SOUNDS OF FUTURE PAST AND PRESENT PERFECT

Ken Boothe

Live Good

  • AMG Review of Live Good

    Amg
    Jo-Ann Greene
    All Music Guide

    Ken Boothe already had notched up two big British hits by the time United Artists launched their Anthology of Reggae Collectors Series. Live Good was the second volume within, and gives an inkling of the esteem the singer was held in at the time. At least in Jamaica, it had been four long years since Boothe had graced the British charts, and he was never to enter them again. But that was besides the point; Boothe's name had some cache, and that was important for a label looking to jump on the eggae bandwagon set rolling by the success of Bob Marley. For collectors, this album was a godsend, filled as it is with Jamaican hits. The entire compilation is culled from his recordings for Studio One, drawn exclusively from 1966-1968, when Boothe unleashed a flood of smash singles for the label. In fact, all of side one is crucial Boothe, and includes many of his classic songs. Side two is entertaining, but not as mega-hit packed.

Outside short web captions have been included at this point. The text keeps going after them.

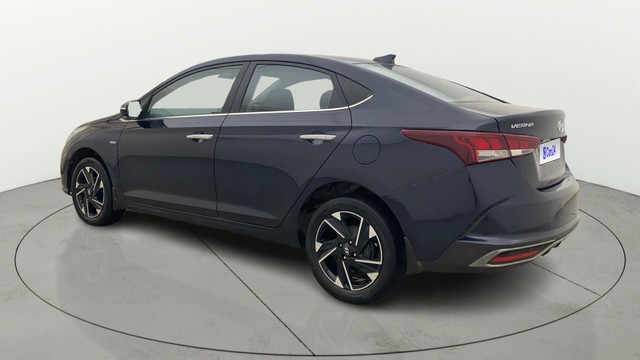 Hyundai Verna SX Opt Second-hand 2020 Hyundai Verna SX Opt for sale in Gulbarga-16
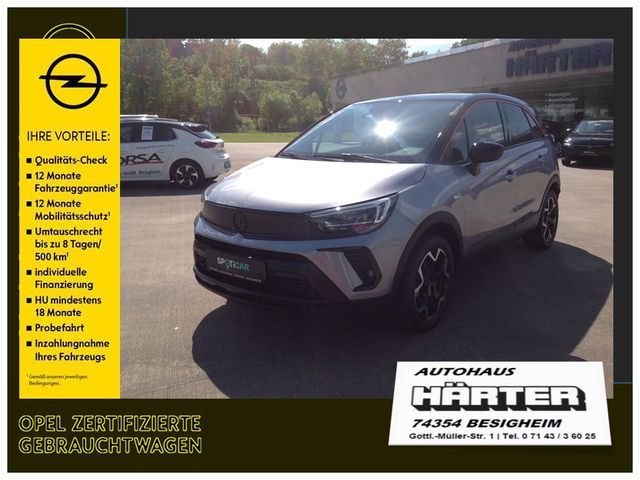 Opel Crossland (X) 2022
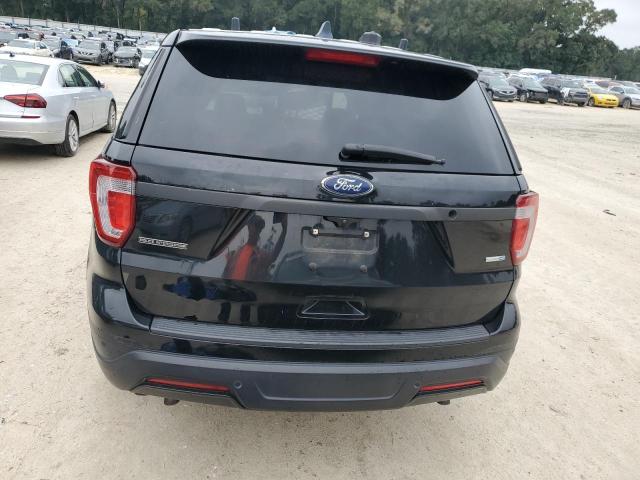 Photo 6 from auction – 2018 FORD EXPLORER P with VIN 1FM5K8AR2JGA85004
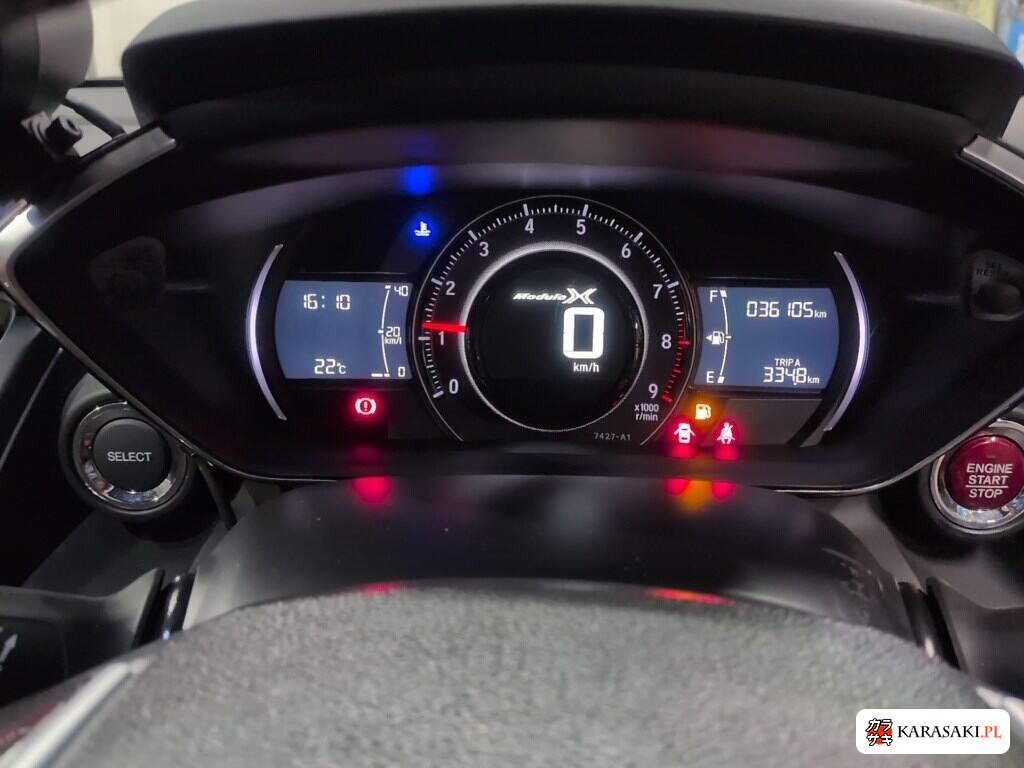 Honda S660 2018 z aukcji japońskiej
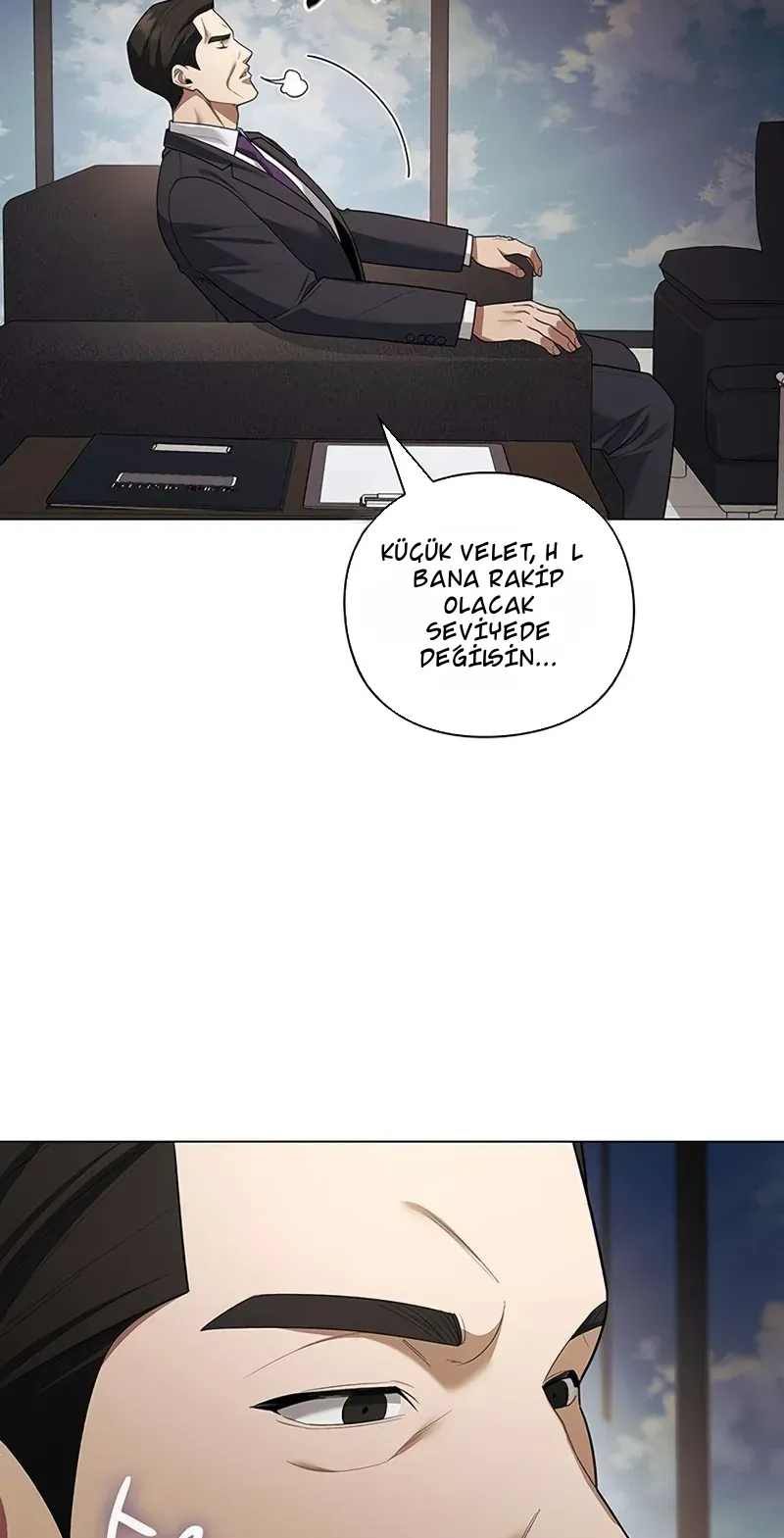 TrendManga Türkçe manga oku the-politician-who-sees-the-future bölüm 32 sayfa 47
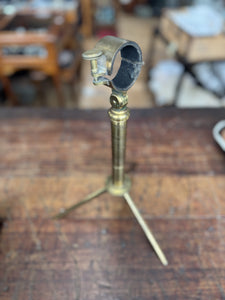 Antique Ling Chevallier Optician Paris Circa 1880's Telescope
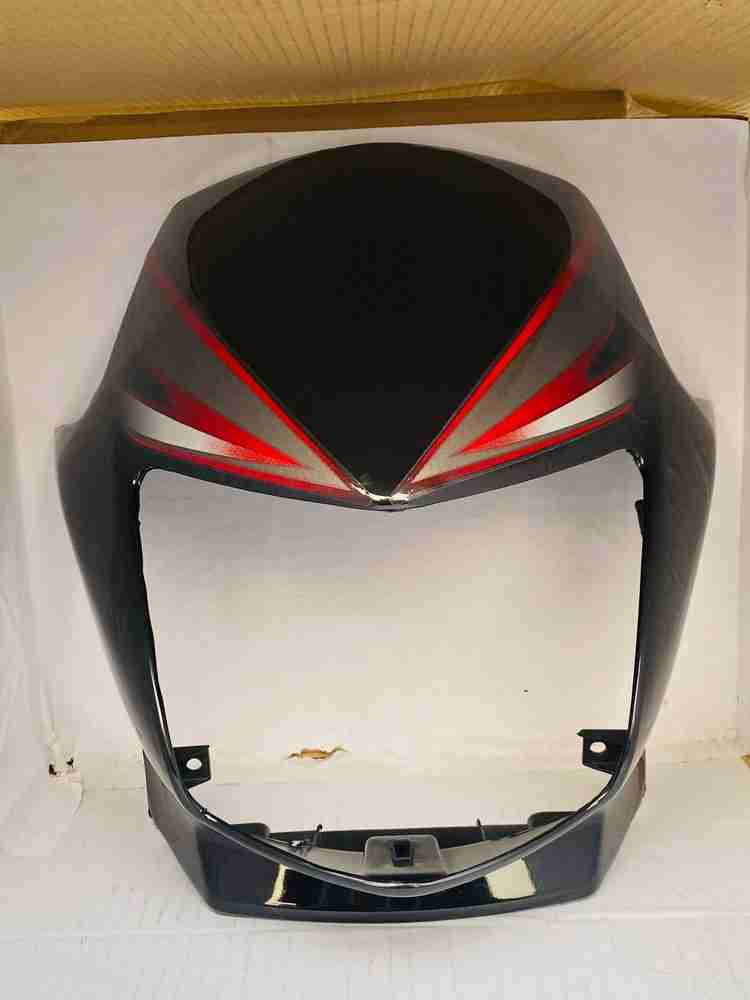Honda cb shine front best sale visor price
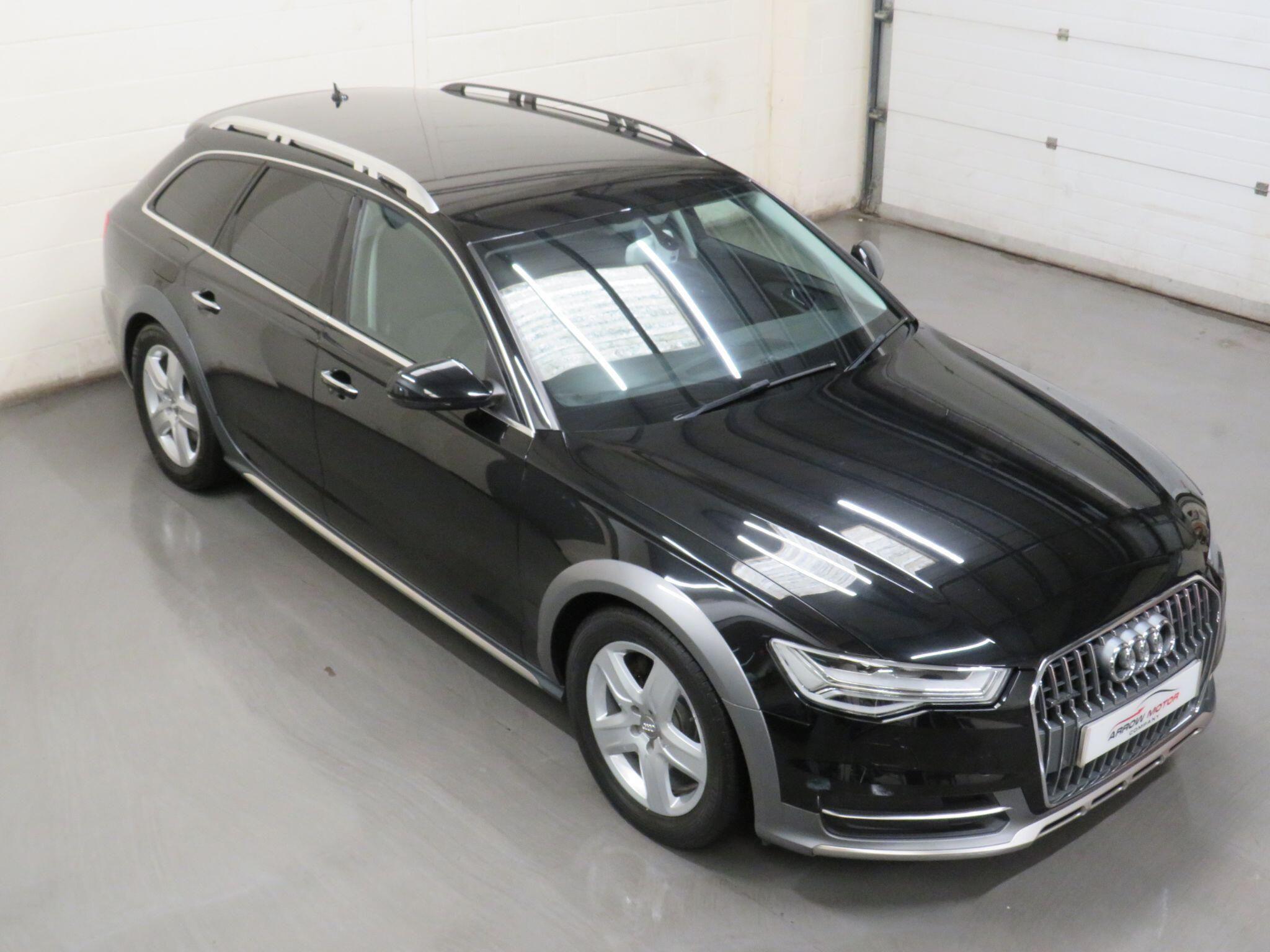 Audi A6 Allroad - Image 11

The standout on this second side is the singer's ferocious cover of the Otis Redding masterpiece "Try a Little Tenderness." This showcases Boothe at his most soulful, with a backing band kept well out of the picture until the second half of the song. At that point, all hell breaks out, the musicians barge in, and Boothe lets loose with a fire that burns the wax to ashes. This remains one of his best performances ever recorded. "When I Fall in Love," in contrast, in one of his most nuanced. Here he brings an obsessional quality to what was originally a moody love song. "Thinking" is just as potent, if not quite as oppressive, across another remarkable cover. And much of the singer's best work is on other people's songs, such as Manfred Mann's "Tomorrow," remade into a C&W-tinged ocksteady classic. From the emotional fortes of such tear-jerkers as "You're on My Mind" and "Moving Away," the impassioned declarations of love of "Sherry," to the defiant "You Don't Like Me" and the cultural consciousness of the title track, Live Good beautifully wraps up the power of Boothe.